3.5 Comparison with other methods and sensitivity analysis
Our framework entails two choices of procedures: the way in which the temporal network is represented as a static supra-adjacency object, and the choice of the node embedding method.
First, we consider a variation of our proposed supra-adjacency representation (dyn-supra), using a “baseline” supra-adjacency representation, which we denote by mlayer-supra: in this representation, we simply map each temporal edge \((i,j,t)\) to an edge between active nodes, namely \(((i,t), (j, t) )\), similarly to the original supra-adjacency representation developed for multilayer networks [31]. Self-coupling edges are drawn as in dyn-supra. This static representation of the temporal network is also lossless.
Moreover, for both dyn-supra and mlayer-supra, we consider an alternate embedding method to DeepWalk, namely LINE [32], which embeds nodes in a way to preserve both first and second-order proximity.
In addition, we consider four state of the art embedding methods for temporal networks, which do not use the intermediate step of using a supra-adjacency representation, but directly embed the temporal network, namely: (i) DynamicTriad (DTriad) [33], which embeds the temporal network by modeling triadic closure events; (ii) DynGEM [34], which is based on a deep learning model. It outputs an embedding for the network of each timestamp, initializing the model at timestamp \(t+1\) with the weights found at time t, thus transferring knowledge from t to \(t+1\) and learning about the changes from \(G_{t}\) to \(G_{t+1}\); (iii) StreamWalk [35], which uses time-respecting walks and online machine learning to capture temporal changes in the network structure; (iv) Online learning of second order node similarity (Online-neighbor) [35], which optimizes the embedding to match the neighborhood similarity of pairs of nodes, as measured by the Jaccard index of these neighborhoods.
Overall, we obtain eight methods to create an embedding of the temporal network – four variations of DyANE and four methods that directly embed temporal networks – which we denote respectively dyn-supra + DeepWalk, dyn-supra + LINE, mlayer-supra + DeepWalk, mlayer-supra + LINE, DTriad, DynGEM, StreamWalk and Online-neighbor.
Each variation of DyANE has moreover two parameters whose value can be a priori arbitrarily chosen, namely the weight ω and the embedding dimension d.

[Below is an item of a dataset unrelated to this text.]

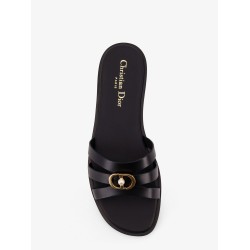 30M leather sandals with metal CD logo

In each of these variations of DyANE, it is also possible as explained above to consider undirected edges and to take into account the difference of the times between linked active nodes.
For each obtained embedding, we thus explore the performance of the classification task to explore the robustness of the results and their potential dependency on specific choices of the embedding method and of the parameter values.